Teraz walcze. Ważyłam już 66,2, ale tydzień temu znowu przytyłam, bo... miałam imieniny i czekoladowe prezenty, do tego kolacyjka, pierwsza od kilku miesięcy w testauracji...
- Dołączył: 2009-01-23
- Miasto: Miasteczko
- Liczba postów: 4346
3 grudnia 2010, 00:37
Ja rosnę odkąd urodziłam dziecko i spędzam czas w domu na wychowywaniu, niestety. To raz. A dwa - zgubiło mnie już kilka razy myślenie "dziś sobie odpuszczę, dietę zacznę od jutra..."
![](//filesrr.vitalia.pl/gfx/smileys/smiley23.gif)
No i trzudno mi sobie odmówić dobrego jedzenia, nie raz niezdrowego (prawdziwy kebab turecki tego nie odmówię nigdy ALE jadam go kilka razy w roku max.)
3 grudnia 2010, 10:46
Pierwszy raz w ciąży - 27kg na plusie - zażeranie stresu związanego z zagrożeniem ciąży (po trzech miesiącach wróciłam do masy sprzed ciąży), potem stres związany z odstawieniem dziecka od piersi +9kg, zrzucane na diecie Herba... (2Xdziennie koktajle + obiad + warzywa pomiędzy), skutecznie i w miare trwale,
później operacja i 1,5 miesiąca przymusowej diety (monotonnej, niskotłuszczowej + brak apetytu ) -5kg, które odrobiłam z nawiązką (+9kg) po rozpoczęciu normalnego jedzenia (objadanie się pizzą, chipsami, słodyczami...), teraz zrzucam na diecie smacznie dopasowanej, jestem przy końcu, później stabilizacja i nadzieja, że niechciane kilogramy nie wrócą
3 grudnia 2010, 22:20
Ja zajadałam stresy, do tego z silnym charakterem zawsze byłam pewna siebie.
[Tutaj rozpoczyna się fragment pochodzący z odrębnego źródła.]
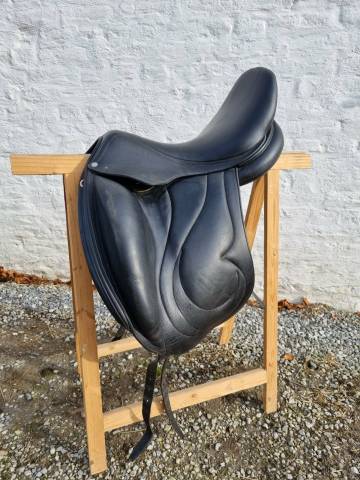 ✨ Selle de dressage Bates Innova ✨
Ocknęłam się, oglądając film pt. "Just Friends".
- Dołączył: 2008-12-04
- Miasto: Toruń
- Liczba postów: 263
6 grudnia 2010, 15:59
Przytyłam w ciąży bliźniaczej 33kg. Po porodzie schudłam 30, potem stres, łakomstwo i znów 11 przytyłam.
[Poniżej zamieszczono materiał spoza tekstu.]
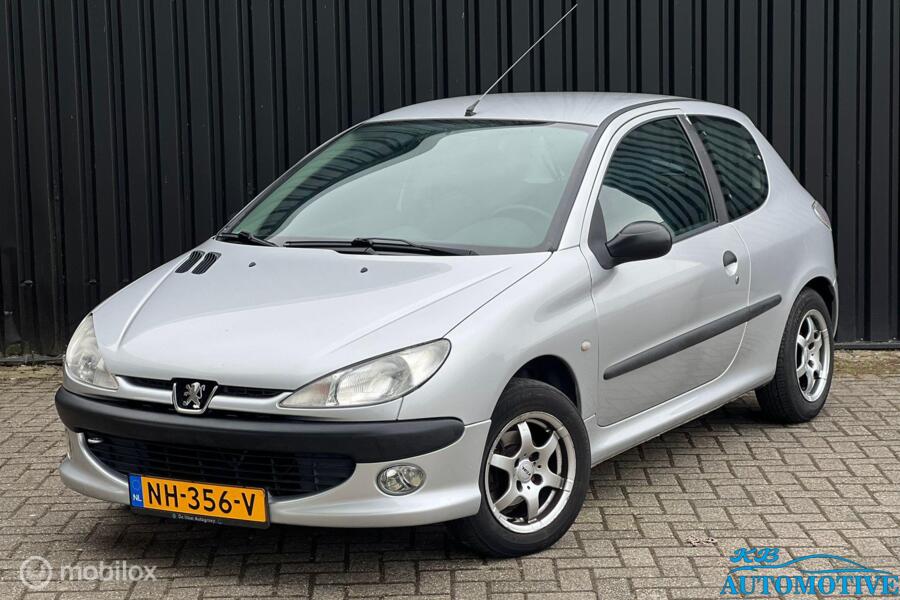 Peugeot 206 1.1 XR |NIEUWE APK|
Teraz walczę i chciałabym znów mieć 58 kg....![](//filesrr.vitalia.pl/gfx/smileys/smile.gif)
- Dołączył: 2010-11-24
- Miasto: Słupsk
- Liczba postów: 20
7 grudnia 2010, 16:05
Moi rodzice nigdy nie dbali o moją dietę, zawsze lubili fastfoody itp. myśleli że nic takiego nie może się stać... i nie, nie są grubi... ja mam tendencje do tycia :P
Całe szczęście że się ocknęłam rok temu, jak przybyło mi 'tylko' 13 kg, a nie więcej.
- Dołączył: 2010-11-07
- Miasto: Poznań
- Liczba postów: 140
8 grudnia 2010, 08:17
zajadanie stresów, siedząca praca po kilkanaście godzin na dobę, chora tarczyca
- Dołączył: 2010-12-07
- Miasto: Wrocław
- Liczba postów: 239
8 grudnia 2010, 15:25
Hm,dobre pytanie . Myślę,że to wszystko działało we mnie podprogowo.